Bayangkan saja, sementara hampir sebagian besar BPRN dan Wali Nagari di Sumatra Barat ini telah terbentuk dengan simbol pelantikan itu, yang namanya pola, wujud, sistem, dan mekanisme bernagari seperti apa yang sesungguhnya ingin diterapkan di nagari-nagari, hingga ini belum duduk. Bagaimana pertanggungjawaban BPRN? Apakah ia bertanggungjawab ke masyarakat nagari, atau ke pemda? Atau tidak pernah bertanggung jawab? Belum jelas. Sama halnya dengan Wali Nagari, apakah ia sama dengan Kepada Desa dulu, yang tidak pernah bertanggung jawab ke masyarakat, tapi ke Camat dan seterusnya? Lalu, bagaimana dengan adat salingka nagari itu, di mana posisinya? Sementara, pluralitas kultural kini sedang hangat dibincangkan. Sedangkan, pemahaman yang kini terjadi, bahwa filosofis adat salingka nagari itu punya kadar yang tinggi untuk menafikan suku, ras, budaya, dan agama lainnya yang bukan berasal dari nagari bersangkutan?

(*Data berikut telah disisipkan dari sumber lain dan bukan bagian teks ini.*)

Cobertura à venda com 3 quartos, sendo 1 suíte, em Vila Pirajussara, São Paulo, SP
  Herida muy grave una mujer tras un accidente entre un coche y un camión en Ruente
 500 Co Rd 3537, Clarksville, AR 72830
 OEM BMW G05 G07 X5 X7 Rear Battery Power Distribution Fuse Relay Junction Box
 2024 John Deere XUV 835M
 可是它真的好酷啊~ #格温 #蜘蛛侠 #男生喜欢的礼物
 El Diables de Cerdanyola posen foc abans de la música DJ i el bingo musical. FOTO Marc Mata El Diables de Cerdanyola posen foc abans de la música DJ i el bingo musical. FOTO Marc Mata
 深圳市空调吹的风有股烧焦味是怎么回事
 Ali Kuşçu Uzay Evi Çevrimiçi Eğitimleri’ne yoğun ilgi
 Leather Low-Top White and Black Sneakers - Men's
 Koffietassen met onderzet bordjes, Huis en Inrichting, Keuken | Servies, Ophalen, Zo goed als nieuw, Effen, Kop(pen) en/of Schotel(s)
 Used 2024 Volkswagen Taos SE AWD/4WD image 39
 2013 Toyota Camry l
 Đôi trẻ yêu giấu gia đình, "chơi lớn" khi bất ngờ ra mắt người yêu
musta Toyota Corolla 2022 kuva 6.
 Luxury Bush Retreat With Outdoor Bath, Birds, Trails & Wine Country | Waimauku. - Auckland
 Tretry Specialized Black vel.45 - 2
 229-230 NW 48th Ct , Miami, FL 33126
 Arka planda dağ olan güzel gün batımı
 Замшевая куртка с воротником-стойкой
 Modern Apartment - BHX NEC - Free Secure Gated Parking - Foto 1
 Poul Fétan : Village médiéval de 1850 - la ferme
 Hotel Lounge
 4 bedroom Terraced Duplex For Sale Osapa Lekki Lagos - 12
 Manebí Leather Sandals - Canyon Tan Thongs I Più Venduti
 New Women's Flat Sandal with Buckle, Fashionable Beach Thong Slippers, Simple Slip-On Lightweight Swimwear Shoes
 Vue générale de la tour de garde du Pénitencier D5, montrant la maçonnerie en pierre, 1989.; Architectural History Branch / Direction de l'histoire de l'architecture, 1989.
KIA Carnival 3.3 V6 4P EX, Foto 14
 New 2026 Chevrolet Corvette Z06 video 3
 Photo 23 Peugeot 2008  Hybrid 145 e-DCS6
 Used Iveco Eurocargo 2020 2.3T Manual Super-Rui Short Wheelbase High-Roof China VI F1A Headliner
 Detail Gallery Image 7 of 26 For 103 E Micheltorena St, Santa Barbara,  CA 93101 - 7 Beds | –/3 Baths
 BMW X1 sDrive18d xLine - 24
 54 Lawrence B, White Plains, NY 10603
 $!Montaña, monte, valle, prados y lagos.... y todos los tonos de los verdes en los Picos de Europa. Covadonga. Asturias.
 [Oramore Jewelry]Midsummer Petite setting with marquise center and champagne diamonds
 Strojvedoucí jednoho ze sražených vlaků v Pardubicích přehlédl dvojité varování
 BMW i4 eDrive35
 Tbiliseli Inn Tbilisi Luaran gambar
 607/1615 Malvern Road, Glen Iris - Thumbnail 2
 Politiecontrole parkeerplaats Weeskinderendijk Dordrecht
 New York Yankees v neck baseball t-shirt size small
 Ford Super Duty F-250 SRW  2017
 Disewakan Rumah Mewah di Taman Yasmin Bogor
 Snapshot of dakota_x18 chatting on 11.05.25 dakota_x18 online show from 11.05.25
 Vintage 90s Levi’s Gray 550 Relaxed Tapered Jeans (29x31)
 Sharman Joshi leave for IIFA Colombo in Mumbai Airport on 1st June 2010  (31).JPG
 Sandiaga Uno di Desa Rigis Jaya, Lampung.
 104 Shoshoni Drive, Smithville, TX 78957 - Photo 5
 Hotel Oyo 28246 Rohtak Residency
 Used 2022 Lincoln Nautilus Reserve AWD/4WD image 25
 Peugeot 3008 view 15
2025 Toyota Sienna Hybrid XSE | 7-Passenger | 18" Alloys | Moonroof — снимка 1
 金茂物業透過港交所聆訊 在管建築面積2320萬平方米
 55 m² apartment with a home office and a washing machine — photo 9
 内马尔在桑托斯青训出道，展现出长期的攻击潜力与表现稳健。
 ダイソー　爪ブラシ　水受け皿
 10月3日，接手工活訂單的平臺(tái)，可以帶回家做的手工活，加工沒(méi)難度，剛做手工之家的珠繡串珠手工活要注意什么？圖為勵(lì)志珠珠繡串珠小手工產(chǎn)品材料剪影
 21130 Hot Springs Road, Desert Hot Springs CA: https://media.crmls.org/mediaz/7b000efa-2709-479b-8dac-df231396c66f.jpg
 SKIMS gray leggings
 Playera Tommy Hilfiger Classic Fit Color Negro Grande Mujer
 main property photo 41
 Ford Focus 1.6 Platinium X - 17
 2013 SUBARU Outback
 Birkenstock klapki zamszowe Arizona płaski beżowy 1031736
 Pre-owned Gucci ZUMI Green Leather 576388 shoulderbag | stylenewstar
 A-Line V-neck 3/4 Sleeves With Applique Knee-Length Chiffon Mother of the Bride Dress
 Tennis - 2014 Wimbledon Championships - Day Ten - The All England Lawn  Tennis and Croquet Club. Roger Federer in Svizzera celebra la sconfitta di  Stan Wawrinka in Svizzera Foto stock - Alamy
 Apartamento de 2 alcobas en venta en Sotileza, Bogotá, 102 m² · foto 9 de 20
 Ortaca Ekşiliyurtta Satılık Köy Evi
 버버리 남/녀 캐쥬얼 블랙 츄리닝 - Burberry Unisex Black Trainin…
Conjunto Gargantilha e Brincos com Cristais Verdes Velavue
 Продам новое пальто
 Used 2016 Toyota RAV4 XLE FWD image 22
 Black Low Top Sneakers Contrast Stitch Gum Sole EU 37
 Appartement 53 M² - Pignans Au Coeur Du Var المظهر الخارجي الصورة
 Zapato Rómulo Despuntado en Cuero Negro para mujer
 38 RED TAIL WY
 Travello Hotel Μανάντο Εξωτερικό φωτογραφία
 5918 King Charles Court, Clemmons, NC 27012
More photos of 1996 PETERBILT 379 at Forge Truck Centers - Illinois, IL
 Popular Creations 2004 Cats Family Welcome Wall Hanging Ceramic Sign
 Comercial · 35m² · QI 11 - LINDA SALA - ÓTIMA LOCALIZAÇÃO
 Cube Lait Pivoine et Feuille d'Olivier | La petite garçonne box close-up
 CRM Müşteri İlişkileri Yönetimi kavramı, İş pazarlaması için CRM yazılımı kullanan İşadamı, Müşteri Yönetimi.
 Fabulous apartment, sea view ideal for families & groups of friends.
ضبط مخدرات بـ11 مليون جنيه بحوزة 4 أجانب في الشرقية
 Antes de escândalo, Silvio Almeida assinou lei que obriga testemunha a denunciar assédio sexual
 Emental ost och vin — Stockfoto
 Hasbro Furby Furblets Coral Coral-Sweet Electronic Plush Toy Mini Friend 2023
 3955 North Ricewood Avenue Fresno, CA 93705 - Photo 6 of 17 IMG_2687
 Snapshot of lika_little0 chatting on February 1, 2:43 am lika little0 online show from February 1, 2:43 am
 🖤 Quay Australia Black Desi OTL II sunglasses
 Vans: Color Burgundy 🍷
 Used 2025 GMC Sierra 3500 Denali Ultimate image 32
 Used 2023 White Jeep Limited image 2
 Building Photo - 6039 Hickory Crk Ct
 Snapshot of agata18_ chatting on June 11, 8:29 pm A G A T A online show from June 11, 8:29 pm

Banyak soal dan permasalahan yang sebenarnya belum duduk saat orang-orang yang tidak jelas ujung pangkalnya berteriak lantang ‘kembali ke nagari’. Banyak pola dan sistem nagari itu semenjak jauh sebelum Belanda masuk ke ranah ini sampai ke masa Orde Baru. Dan mana yang kita pilih dan diakomidir untuk dipakai saat kini. Ini pun belum jelas. Sementara dunia terus berputar, sedangkan generasi yang akan hidup dalam nagari kini relatif tidak pernah mengenal bagaimana kehidupan bernagari itu sesungguhnya.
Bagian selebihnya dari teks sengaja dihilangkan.